Sunday, November 10, 2013

The doorstep of heaven

The Sadducees attempt to discredit Jesus by showing that his belief in an afterlife in heaven implies ludicrous results (Lk 20:27-38).  They assume that heaven must be pretty much like earth.  On earth, we have the laws of Moses to follow, so we must have those laws to follow in heaven, too.  If the laws don’t make sense in heaven, then heaven must not be real.  However, as we’ll see, Jesus points out that their argument is flawed because their premise is false. 

Like the Sadducees, I have spent most of my life laboring under a false premise.  No, I’ve always believed in heaven and hell.  But like the Sadducees, I had a false idea of what heaven was like.  I assumed that heaven was the end reward for following the rules and being a good boy.  If I tried to obey all the rules, go to church every Sunday, be nice to other people, avoid lying, cheating, stealing, swearing, etc. etc., I would earn credits for heaven.  On the other hand, of course, God would always be watching for those times when I wasn’t living up to the rules.  In the end, St. Peter would have this book, and on the one side would be all the nice I had done, and on the other the naughty.  My hope, of course, is that the nice would outweigh the naughty and into heaven I would go.   Does this sound familiar?  Essentially, I figured that the afterlife was essentially the ultimate Christmas – the final reckoning of who was naughty and who was nice.

However, I came to realize that this was a quite sterile and empty view of my salvation.  No matter how hard I tried, I knew that I would always be doing things that were not on the “nice” list.  Okay, so there we have this reconciliation thing, but what good is that if I continue to sin?  And if this is my faith, why would God have to send his only Son to humble himself, “take the form of a slave,” and die an excruciating death on the cross just so that I could take my shot in the naughty and nice contest?   My premise, like that of the Sadducees, must be false.

Slowly, I began to understand what Jesus tells the Sadducees.  Heaven is not about following rules; it is about our relationship with our infinite, eternal and all-loving God.  And when we have left this earth and accepted this relationship for all time, that’s all we will ever need.  We will have no physical or emotional needs, no physical limitations; we will simply be one with our Creator, the source of all happiness.

I knew that I could be with God after I had died – all I had to do was follow the rules and I’d be with God after death.  But if heaven is about our relationship with God, wasn’t I missing the fact that God has already called me into relationship with him from the moment I was conceived?  I was following rules, but not living in relationship.  For Christian faith is not a list of rules to follow; it is a relationship to live, a relationship with the One who is my creator, who created me out of love to be with him and for him for all eternity, who is the my only source of true happiness, who calls me to live in him every day of my life.

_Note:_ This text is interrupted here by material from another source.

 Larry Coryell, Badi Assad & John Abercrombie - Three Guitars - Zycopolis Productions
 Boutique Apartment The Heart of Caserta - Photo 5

From the very beginning, God reveals this truth to us in Scripture.  He creates us in his image and likeness, giving us life by bestowing his very Spirit on us.  He interacts with us as a loving parent acts with its loved child, so radically different from the master-slave relationship that most every other culture believed was the relationship between the gods and humanity.  He calls Abraham to be his intimate friend, promising that his descendants will be his chosen people forever.  He “so loved the world, he gave us his only Son.”  His Son gives us his very body and blood as a sign of God’s everlasting love and real presence in our lives.

On my good days, when I get this relationship, it changes my life and changes my relationships with others.  I see my marriage not just as a human contract between Mary and me, but as a permanent and divine vocation, a model of the everlasting, unifying love of the Trinity.

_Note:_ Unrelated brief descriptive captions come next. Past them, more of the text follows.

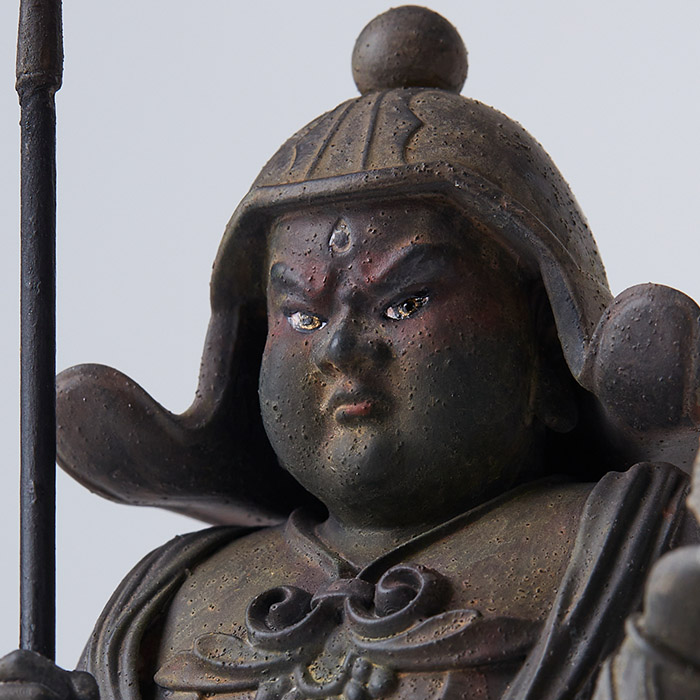 TanaCOCORO[掌] 指徳童子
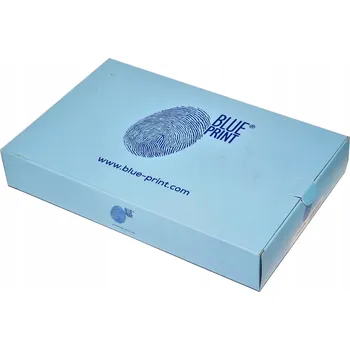 Brzdová hadice Blue Print ADB114602 Lanko ruční brzdy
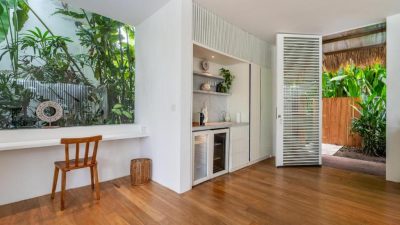 Villa Atara – Two Bedrooms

I begin to see my fatherhood not as simply as a temporary responsibility to prepare and launch my children into adulthood, but as a permanent vocation, a model of the unconditional, life-giving love of Christ.

I begin to see life not as a struggle to be number one, but as an imperative to be one: one with my family; one with my neighbor; one with my enemy; one with the poor; one with the oppressed; one with the persecuted; one with Jesus Christ.

Furthermore, I understand that if I ignore this relationship with God while I live on earth, then I will not value this relationship when I have left earth.  I will have damned myself to an eternity without God – that’s what we call hell. 


But when I can let go of my pride, let go of my need to earn what cannot be earned – the unconditional love of God – when I can lose myself in a relationship with the all-loving God, then I am living on the doorstep of heaven.